_WORK TASK_. In the records that follow, find the line containing "A Paris Window" and the line containing "مجموعة أساور Weave", then transcribe both and every line between them exactly, omitting pictures.

_LISTED RECORDS_.
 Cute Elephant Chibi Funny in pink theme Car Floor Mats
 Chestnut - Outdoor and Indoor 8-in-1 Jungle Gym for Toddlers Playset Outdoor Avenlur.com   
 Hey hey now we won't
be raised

--

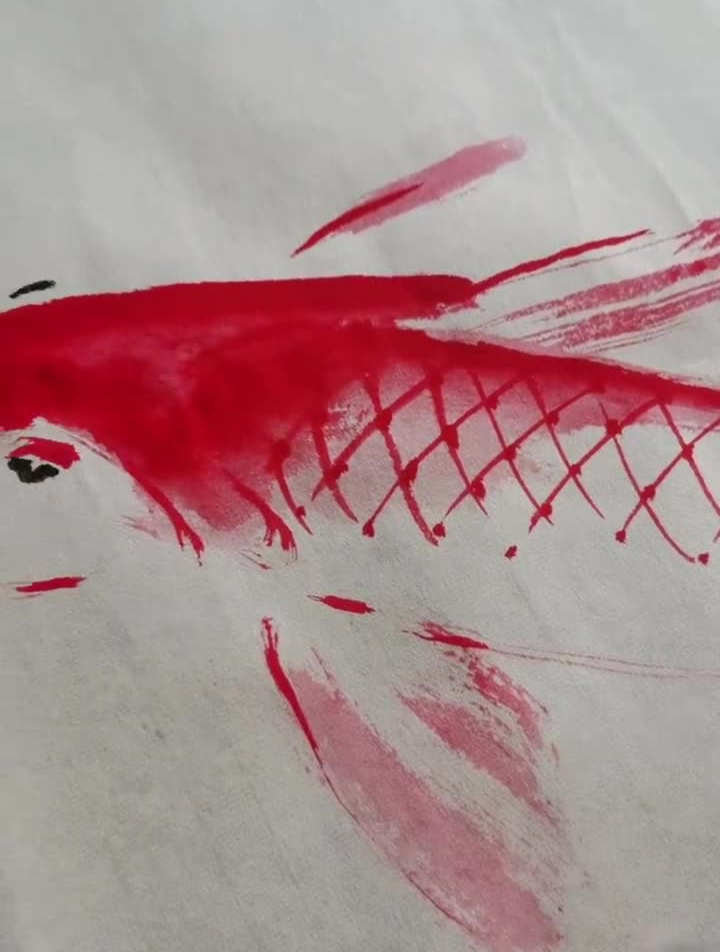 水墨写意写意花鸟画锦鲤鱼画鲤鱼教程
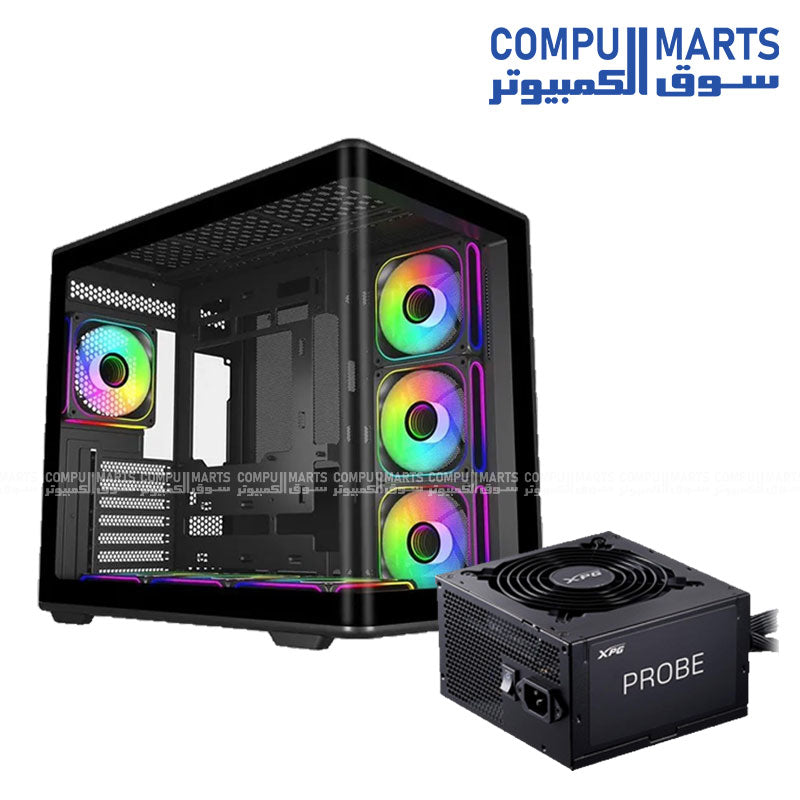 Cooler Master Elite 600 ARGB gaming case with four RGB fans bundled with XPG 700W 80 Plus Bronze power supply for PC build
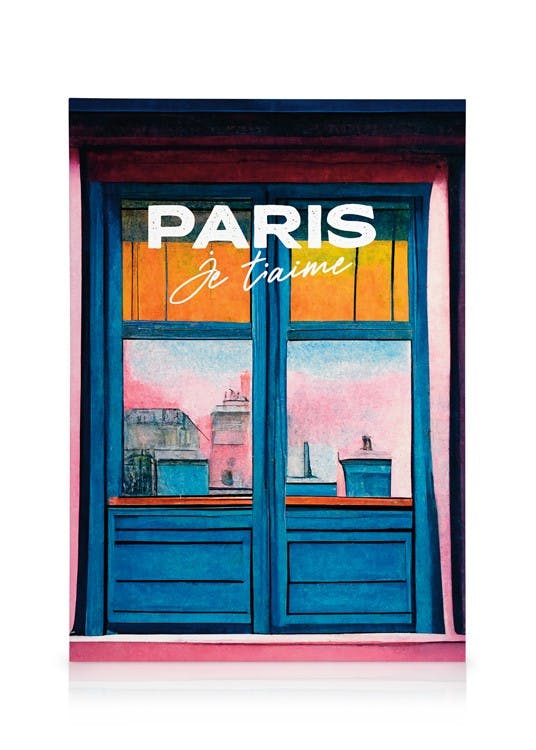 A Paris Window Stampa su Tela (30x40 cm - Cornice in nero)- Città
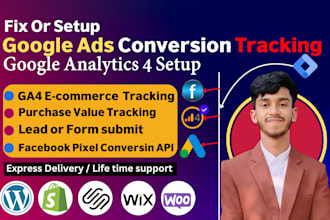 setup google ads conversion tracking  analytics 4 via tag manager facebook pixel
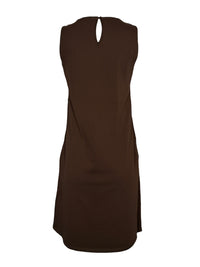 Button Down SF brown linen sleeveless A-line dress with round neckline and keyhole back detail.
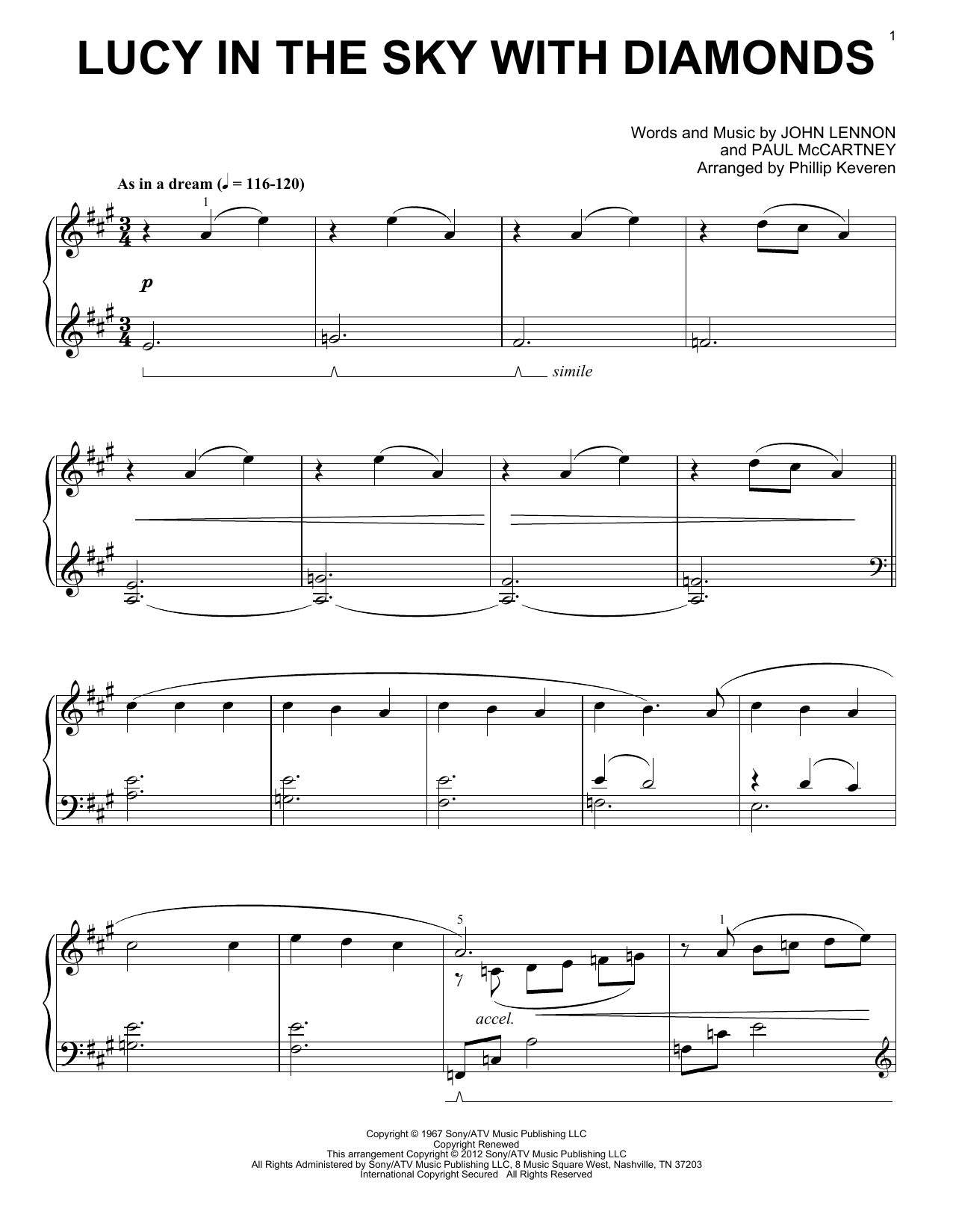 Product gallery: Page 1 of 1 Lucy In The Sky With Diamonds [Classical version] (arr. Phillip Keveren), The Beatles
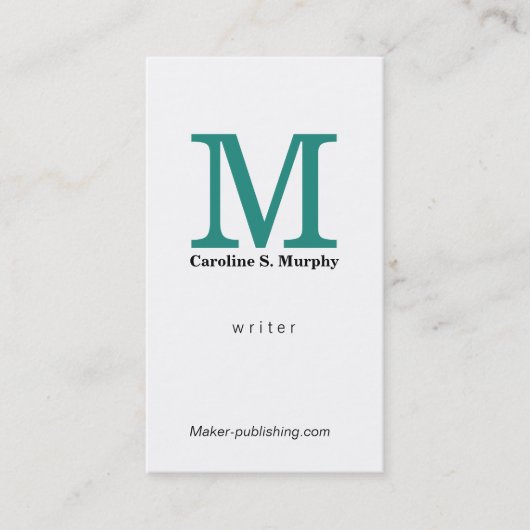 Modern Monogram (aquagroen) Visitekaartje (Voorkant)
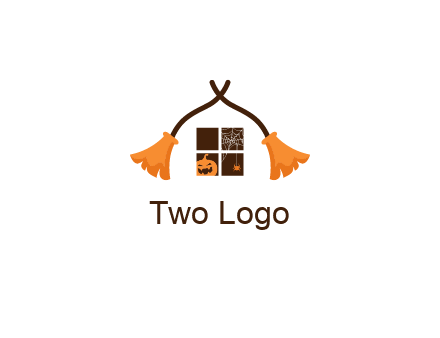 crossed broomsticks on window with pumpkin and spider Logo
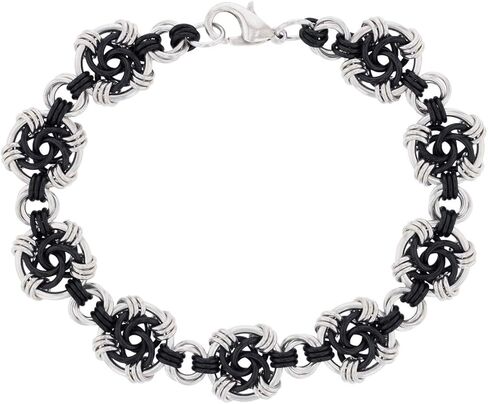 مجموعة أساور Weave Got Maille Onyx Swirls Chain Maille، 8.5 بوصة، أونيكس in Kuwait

_ANSWER FOR THIS EXERCISE_.
 A Paris Window Stampa su Tela (30x40 cm - Cornice in nero)- Città
 setup google ads conversion tracking  analytics 4 via tag manager facebook pixel
 Button Down SF brown linen sleeveless A-line dress with round neckline and keyhole back detail.
 Product gallery: Page 1 of 1 Lucy In The Sky With Diamonds [Classical version] (arr. Phillip Keveren), The Beatles
 Modern Monogram (aquagroen) Visitekaartje (Voorkant)
 crossed broomsticks on window with pumpkin and spider Logo
 مجموعة أساور Weave Got Maille Onyx Swirls Chain Maille، 8.5 بوصة، أونيكس in Kuwait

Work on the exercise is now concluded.